Le régime de sanctions pénales, quant à lui, permet à l’Office de recommander une poursuite pénale qui est ensuite intentée par le Directeur des poursuites criminelles et pénales. Ce régime, qui figure déjà à la loi, est bonifié en augmentant le seuil des amendes minimales et maximales. Le bénéfice pécuniaire retiré de la perpétration de l’infraction peut aussi être pris en compte pour calculer la valeur des seuils. De plus, l’infraction aux obligations d’informations et d’affichage est passible d’une amende de 1 500$ à 37 500$, pour une personne physique, et d’une amende de 3 000$ à 75 000$ dans les autres cas.
Conclusions
Le projet de loi 29, s’il est adopté dans sa forme actuelle, risque fort probablement de changer le paysage du droit de la consommation au Québec, qui se retrouve à faire bande à part par rapport aux autres provinces canadiennes. Il sera intéressant d’en suivre le cheminement à l’Assemblée nationale, puisque plusieurs questions subsistent quant aux modifications qu’il prévoit.
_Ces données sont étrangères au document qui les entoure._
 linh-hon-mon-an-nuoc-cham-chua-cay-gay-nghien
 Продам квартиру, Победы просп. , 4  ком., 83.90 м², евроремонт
Espérons que les prochaines étapes parlementaires nous éclaireront davantage sur l’intention du législateur derrière ces nouvelles dispositions.
Notamment, il y a lieu de se questionner sur le rôle de la nouvelle garantie de bon fonctionnement, dans la mesure où celle-ci semble faire double emploi avec la garantie légale de qualité du bien, communément appelée garantie contre les vices cachés. En effet, cette garantie, prévue tant au Code civil que dans la mouture actuelle de la Loi, prévoit déjà que l'usage d’un bien doit répondre aux attentes légitimes du consommateur qui l’acquiert et vise déjà à garantir la durabilité du bien.[1] Il sera intéressant de comprendre ce que cette garantie ajoute véritablement au droit actuel.
[1] Voir par exemple : Fortin c. Mazda Canada inc., 2016 QCCA 31, paras. 56 et ss.